## [The task]
When you restate the entries that follow, keep every word exactly and drop the pictures.

Stored items from a collection
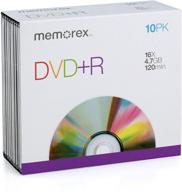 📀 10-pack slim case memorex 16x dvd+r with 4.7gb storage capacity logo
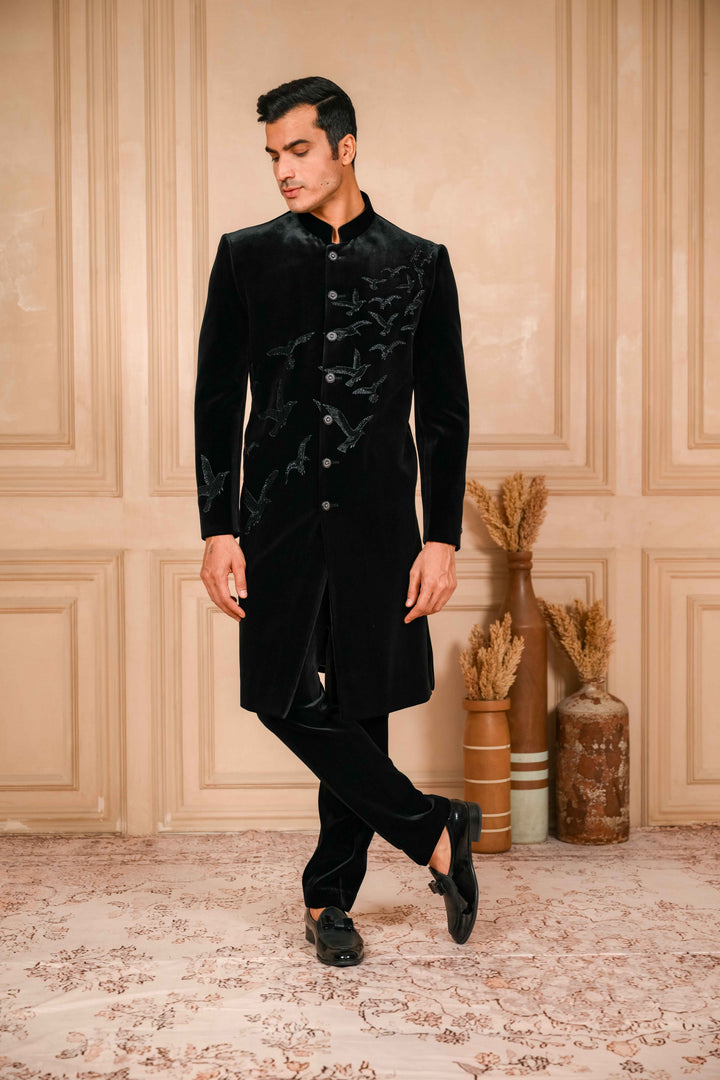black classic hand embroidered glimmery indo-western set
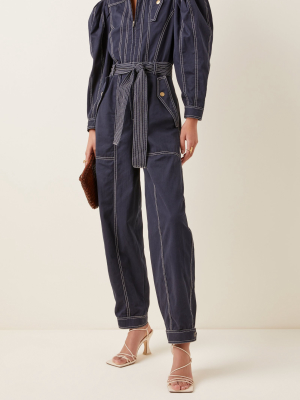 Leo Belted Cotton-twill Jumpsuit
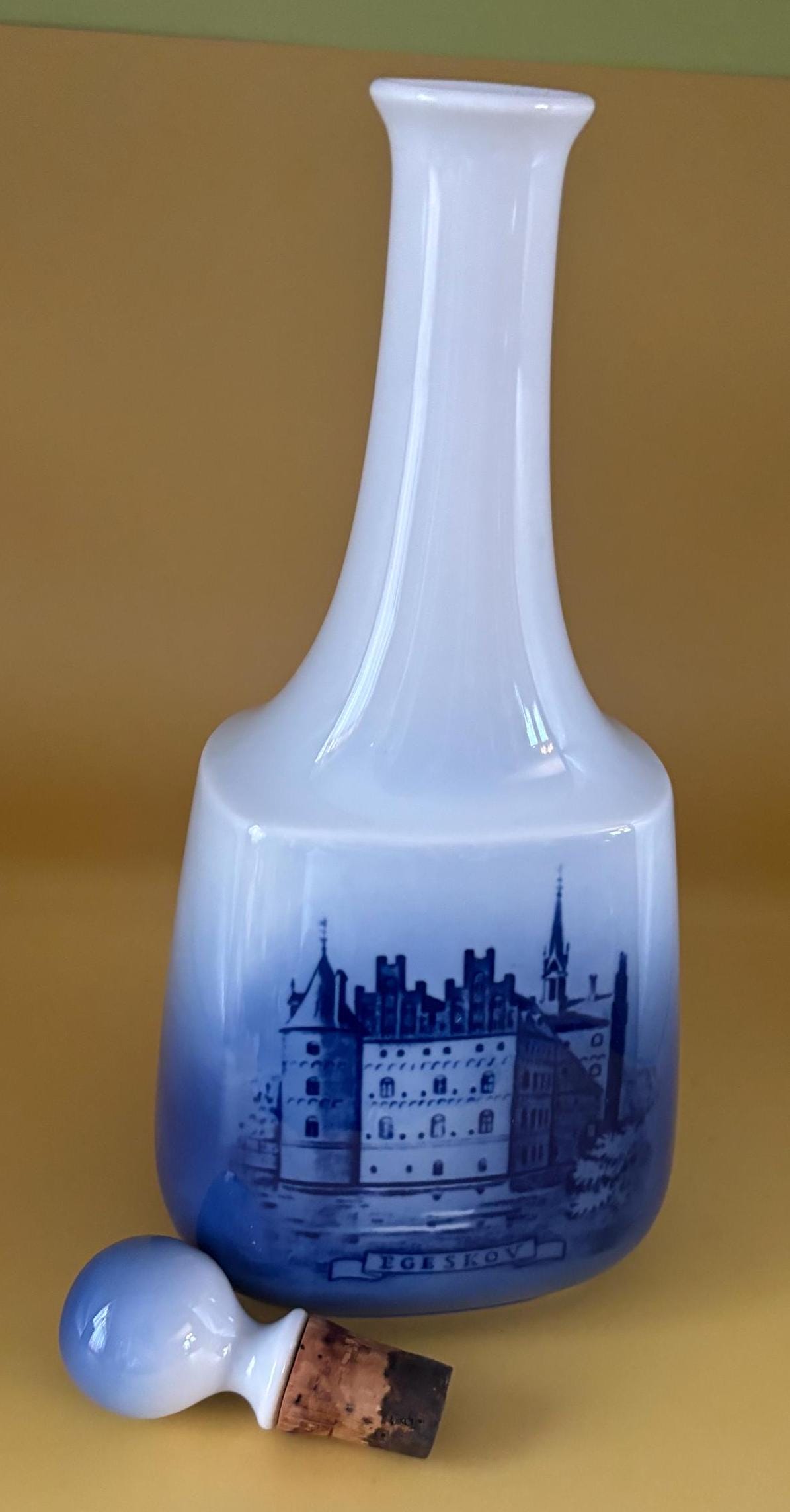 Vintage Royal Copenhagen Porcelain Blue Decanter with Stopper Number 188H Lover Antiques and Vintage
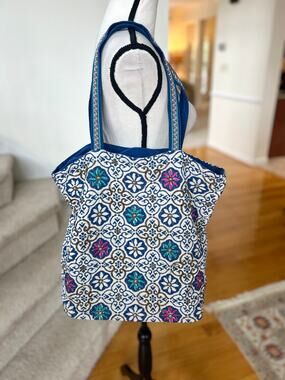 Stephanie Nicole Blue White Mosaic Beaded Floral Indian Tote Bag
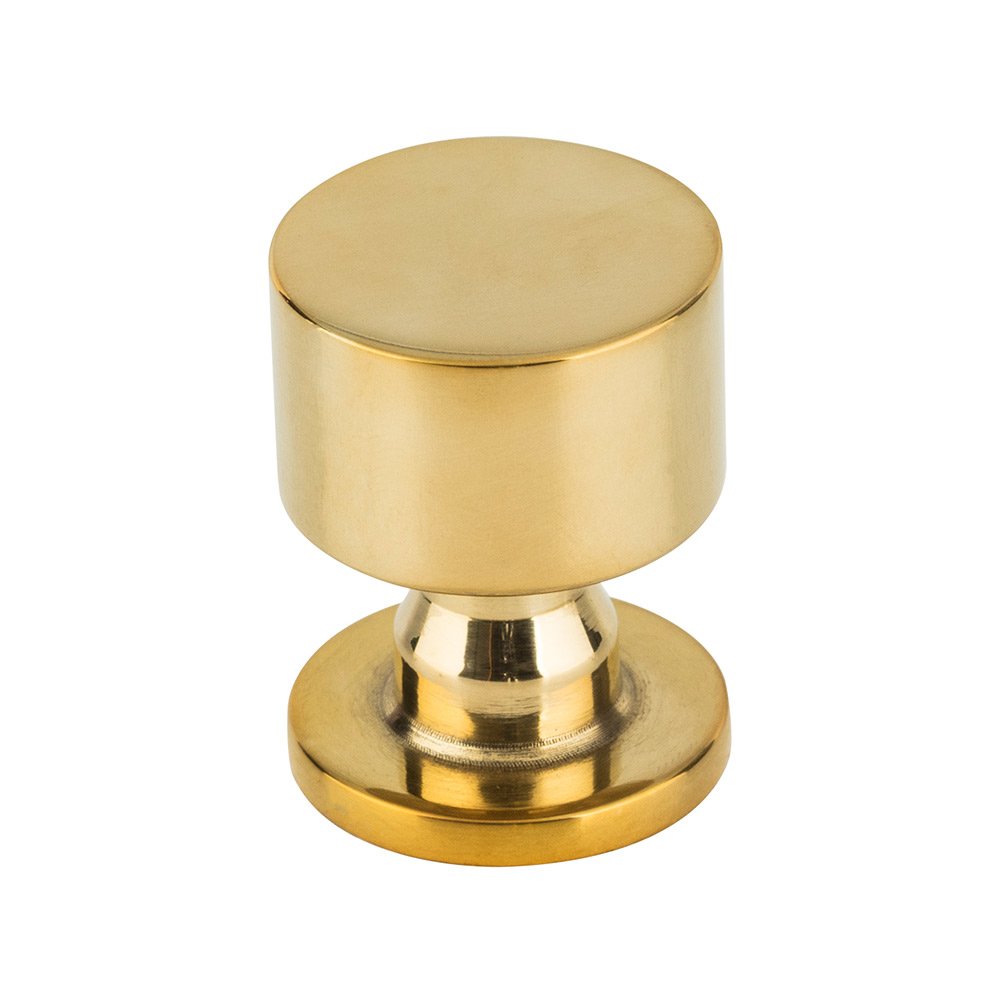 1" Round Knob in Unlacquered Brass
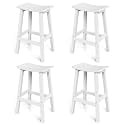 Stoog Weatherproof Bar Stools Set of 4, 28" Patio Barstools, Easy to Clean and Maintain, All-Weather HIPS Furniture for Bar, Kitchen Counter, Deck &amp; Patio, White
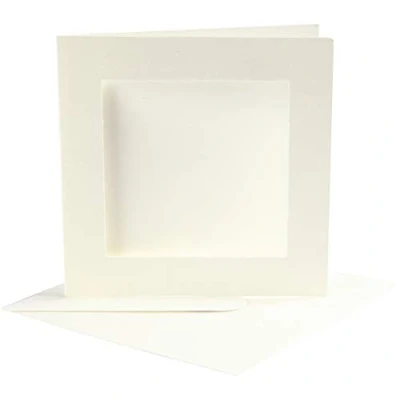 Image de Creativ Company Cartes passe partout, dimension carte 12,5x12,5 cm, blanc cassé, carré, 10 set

## [Finished task]
 📀 10-pack slim case memorex 16x dvd+r with 4.7gb storage capacity logo
black classic hand embroidered glimmery indo-western set
 Leo Belted Cotton-twill Jumpsuit
 Vintage Royal Copenhagen Porcelain Blue Decanter with Stopper Number 188H Lover Antiques and Vintage
 Stephanie Nicole Blue White Mosaic Beaded Floral Indian Tote Bag
 1" Round Knob in Unlacquered Brass
 Stoog Weatherproof Bar Stools Set of 4, 28" Patio Barstools, Easy to Clean and Maintain, All-Weather HIPS Furniture for Bar, Kitchen Counter, Deck &amp; Patio, White
 Image de Creativ Company Cartes passe partout, dimension carte 12,5x12,5 cm, blanc cassé, carré, 10 set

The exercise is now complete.